To add to what arbiton has said. the main reason  why many people have health insurance for children is to be able to skip the queue if you are told that the waiting list for minor important elective surgery is long. 
 I know it stinks. 

 If you are told that your child needs grommet / tonsils  removal etc and the public waiting list is 6 months long, you can go to see the consultant privately. 

 I don't know what the waiting lists are like for paediatric surgery and I have heard anecdotally that some consultants have long waiting lists for private patents also, so its hard to know if it worth it but it is like any insurance, its hedging your bets. 

 You could ask your GP is they are aware of referral times for common childhood conditions in the public system to help you make the decision.


----------



## fraggle (10 Feb 2014)

I'm going to have to show my ignorance here with these questions....

So if I had a PHI policy for my child, and it was only costing about 200-300/year, then it allows me to 'skip the queue' for non elective surgery.

But what about payment. Is the cost of the surgery covered by the policy?

What if I had no PHI cover, but because of a long waiting list I decided to go privately in that instance. Will I then be paying massive amounts, way beyond the 200-300 cost?


----------



## Gerry Canning (10 Feb 2014)

fraggle; 
1.Effectively PHI gives you the ability to queue jump for most non emergency procedures.

2. Most (child)policies cover the vast bulk of costs including surgery.
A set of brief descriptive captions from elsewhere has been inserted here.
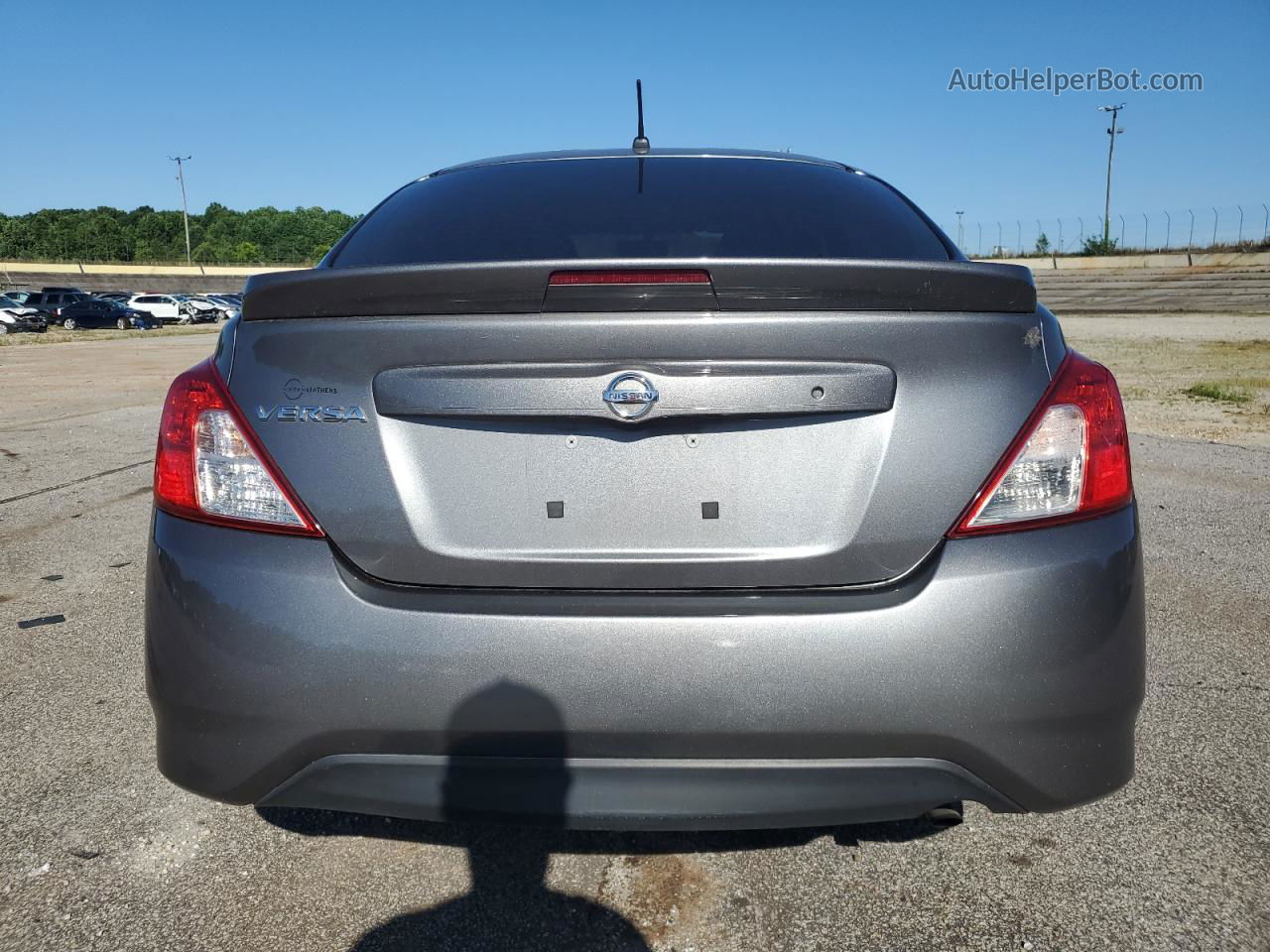 2018 Nissan Versa S Gray vin: 3N1CN7AP7JL831599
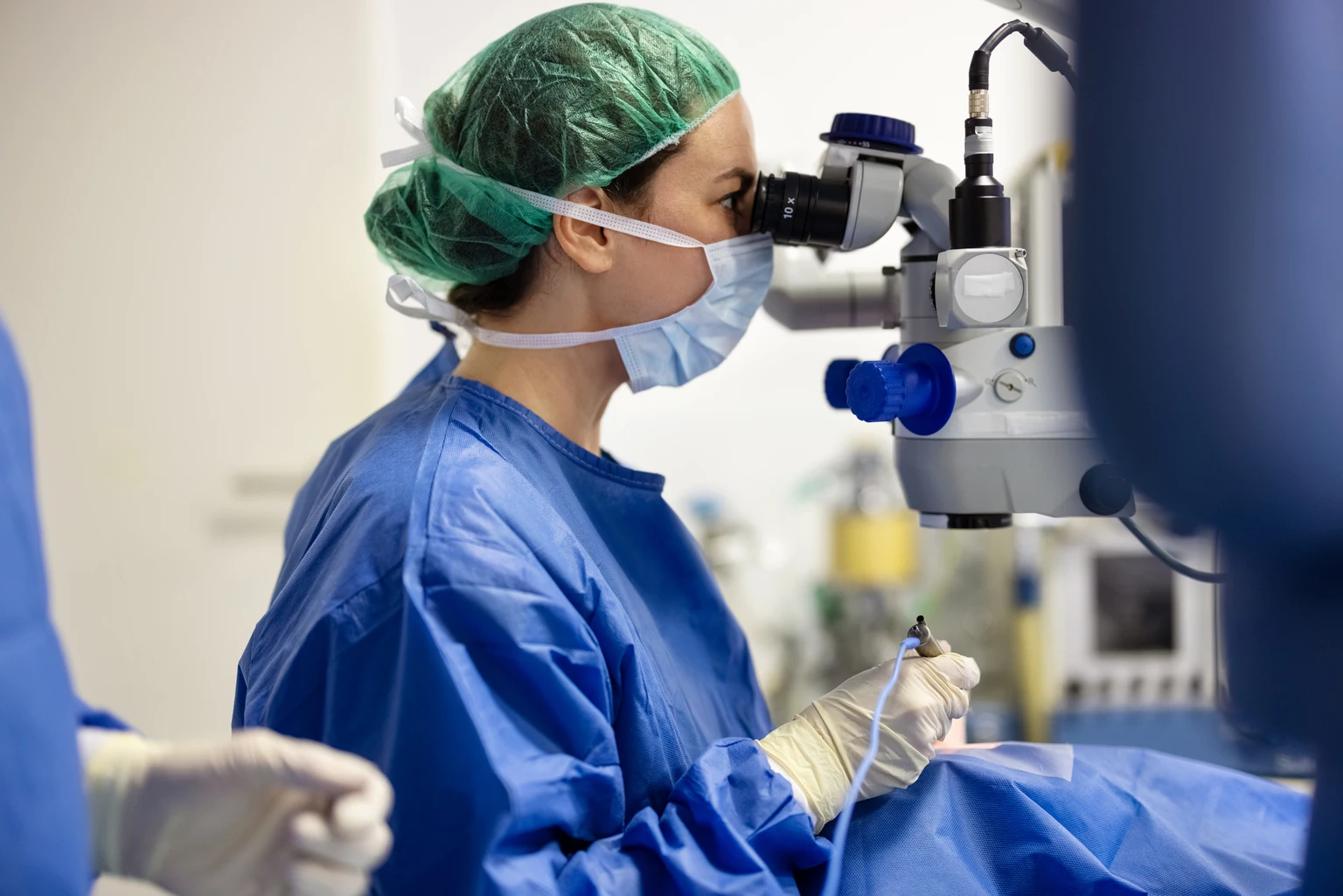 Intuitive Surgical: Excellent Business, Unattractive Stock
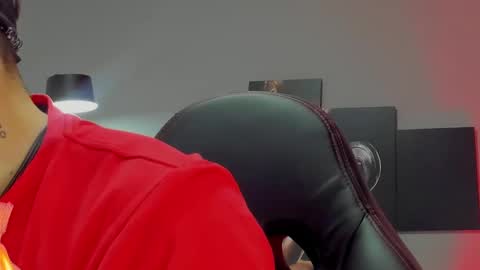 Snapshot of david_jons7 chatting on February 20, 2025, 1:25 am David Jons online show from February 20, 2025, 1:25 am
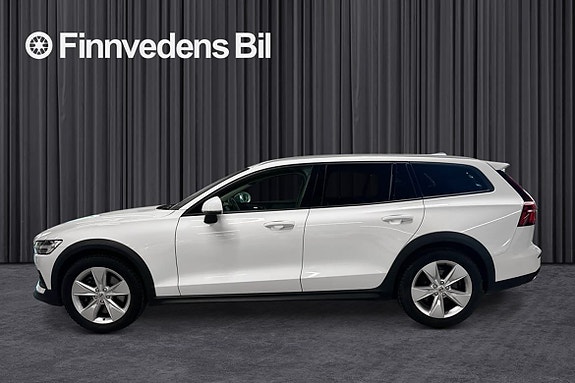 Volvo V60 Cross Country 2 of 5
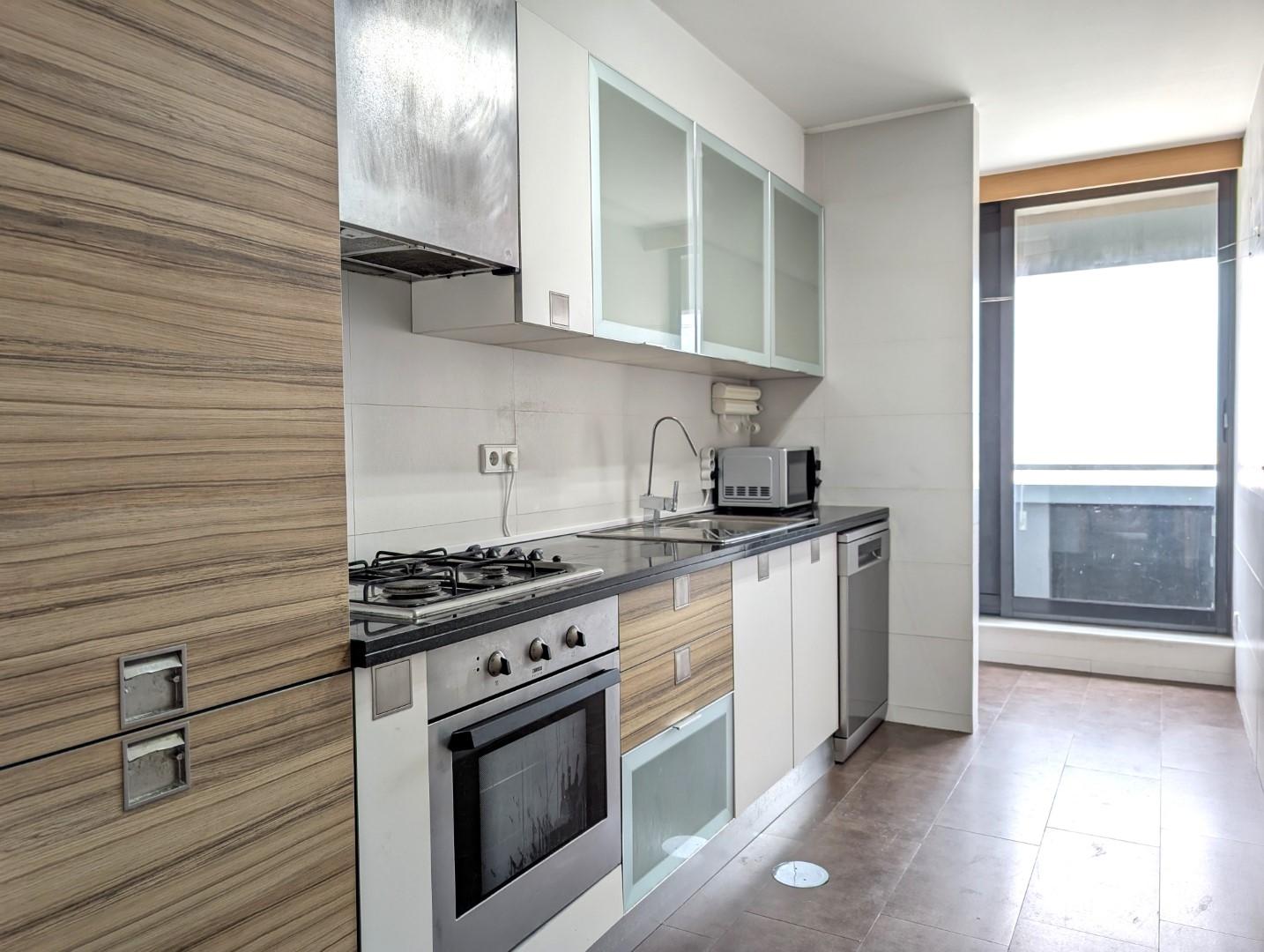 Apartamento T1 - Urbanização Glicínias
3. If you go privately to jump queue , it will even for simple procedures be a large multiple of 200.

Suggest, Ask phi providers what they cover.


----------



## arbitron (10 Feb 2014)

Spot on, Gerry.


----------



## Sophrosyne (10 Feb 2014)

In considering private health insurance for children remember also that in the absence of cover or unless you have a medical card you must pay €75 per day (max €750 per annum) for your child as a public in-patient.


----------



## huskerdu (10 Feb 2014)

fraggle said:


> I'm going to have to show my ignorance here with these questions....
> 
> So if I had a PHI policy for my child, and it was only costing about 200-300/year, then it allows me to 'skip the queue' for non elective surgery.
> 
> ...




 Yes, the cost of most elective surgery is much, much more than €300, when you include the surgeons fee, aneastitist fee, tests, bed fee.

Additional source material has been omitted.